Tackling Hidden Costs in FX Management
All investors experience significant – and often hidden – performance erosion as a result of routine FX trading, whether it’s carried out directly or via external parties. What’s the true cost, and how much can investors save?
IN THIS PAPER
Leakage: the known unknown. Spread costs are often inaccurately calculated; market impact costs are largely invisible. New research estimates the true size of investors’ currency trading costs at $140 per million transacted. With routine FX trading often reaching multiples of the investor’s AuM each year the figures add up rapidly.
The rise of peer-to-peer netting. Recent years have seen the emergence of various ‘peer-to-peer’ solutions for off-market FX trading, in a bid to reduce leakage. A study of just 11 buyside entities indicates that 26% of their FX trades could be netted over a one-hour window.
Implementation challenges. Savings are hugely dependent on the details. This paper includes a brief implementation checklist for investors to use when considering peer-to-peer netting. What rate is being used? How is order information used? What rules govern the pool and who gets to be in it?
Investors are typically spending considerably more than they realise on FX transactions. The subject, typically viewed as an administrative back-office function, often receives limited attention from pension fund trustees and investment seniors in an institution. While FX is a highly liquid market it is also opaque, fragmented and lucrative for its operators, creating challenges for even for the most sophisticated asset owners and managers.
Transaction costs, comprising spread and/or fees plus market impact costs, have received greater attention in recent years. Transaction cost analysis can help investors to understand the extent of losses. Yet it must be robust: spread costs are often inaccurately estimated; market impact cost is even harder to quantify.
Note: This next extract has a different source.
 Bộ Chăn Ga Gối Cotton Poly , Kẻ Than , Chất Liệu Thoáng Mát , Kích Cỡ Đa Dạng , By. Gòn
It is one thing to understand leakage and quite another to reduce it in practice. Manager selection, custodian arrangements and direct trading arrangements can all play a role. Some interesting solutions have recently emerged that enable investors to net their FX trades against each other before going to market. Evidence demonstrates that this can produce substantial savings; a $60 billion pension fund, for instance, can save $1.3 million per year when netting with just 10 other entities. Yet benefits are hugely dependent on the method of implementation.